Johnny stopped off after work and had a few drinks with his friends. On the way home, he was involved in a traffic accident. The officer at the scene smelled the alcohol on Johnny’s breath. One thing led to another (roadside tests and follow-up blood test), and Johnny was cited for driving while intoxicated. His friends would tell you he was in no way impaired when he left them. Johnny himself would tell you he felt perfectly fine and had drunk the same amount of alcohol on many an occasion, then subsequently drove without any problem. That’s their opinions. But when Johnny’s blood test comes back showing his blood alcohol content to be 1.02%, and 0.08% is considered legally impaired in the U.S. the facts are the facts. Johnny was impaired.
Now, as a reader, I have preferred genres that I enjoy, as I would guess most readers do as well. When choosing my next book to read, and if considering an author I’m not familiar with, I’m going to check the genre identification and the description of the book to make sure I get what I’m after.
Just as when I choose a movie to watch, the first thing I ask myself is: what am I in the mood for? Do I want to watch an action film, a comedy, a romance, what?

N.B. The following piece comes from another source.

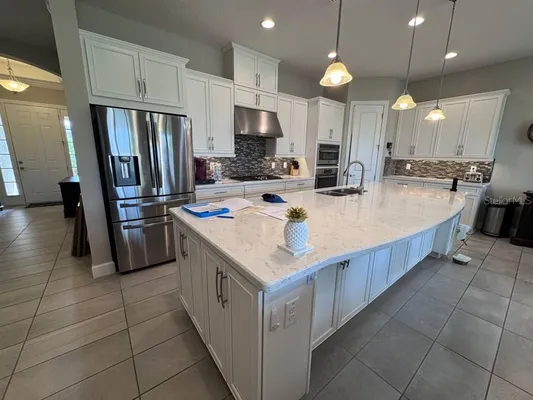 Property Slideshow image 3 of 14 | 1159 esperanza ridge rd, Clermont, FL, 34715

Maybe I’ve got children watching with me. I come across a movie getting ready to start: the title has a comedic ring to it, the cover shot is colorful with bumbling looking characters. I check the “movie info,” and it says “comedy” with a brief description of teenagers going off to camp and finding trouble abound. So we pop our popcorn and get comfortable. Thirty minutes later naked girls are running for their lives (where there was nothing about “adult content” listed) and the actors left behind are getting sliced and diced before our eyes by some murdering psychopath (and I don’t see anything here that says “horror” either).
I’m going to be royally pissed, I can tell you. I might even write a letter to the television station who mislabeled the film, and I will without a doubt make sure everyone I know is appropriately warned: “This is not a movie for a six-year-old.”
There are many genres to choose from when defining your work, but please, please, please, do not make the mistake of labeling your book what you or your friends think will sell, rather than what the book actually is. The former will not serve you well in the long run.
Just as there are ratings for movies:
G General Audiences - All Ages Admitted
PG Parental Guidance Suggested - Some Material May Not Be
Suitable For Children
PG-13 Parents Strongly Cautioned - Some Material May Be Inappropriate
For Children Under 13
NC-17 No one 17 and Under Admitted
there are specified genre definitions.
So, please, for your sake as a potential published author who hopes to build an audience, as well as for the sake of those potential fans, learn and understand these definitions before seeking out agents and/or publishers, or before publishing on your own.
And please, do not rely on what other writers, readers, fans, friends and/or family members tell you is their opinion of where your book falls. Check the facts and genre rules from a reputable source like a publishing house or literary agent. Someone who is in the business, who knows and understands the genre rules. Because it does and will matter to your overall success.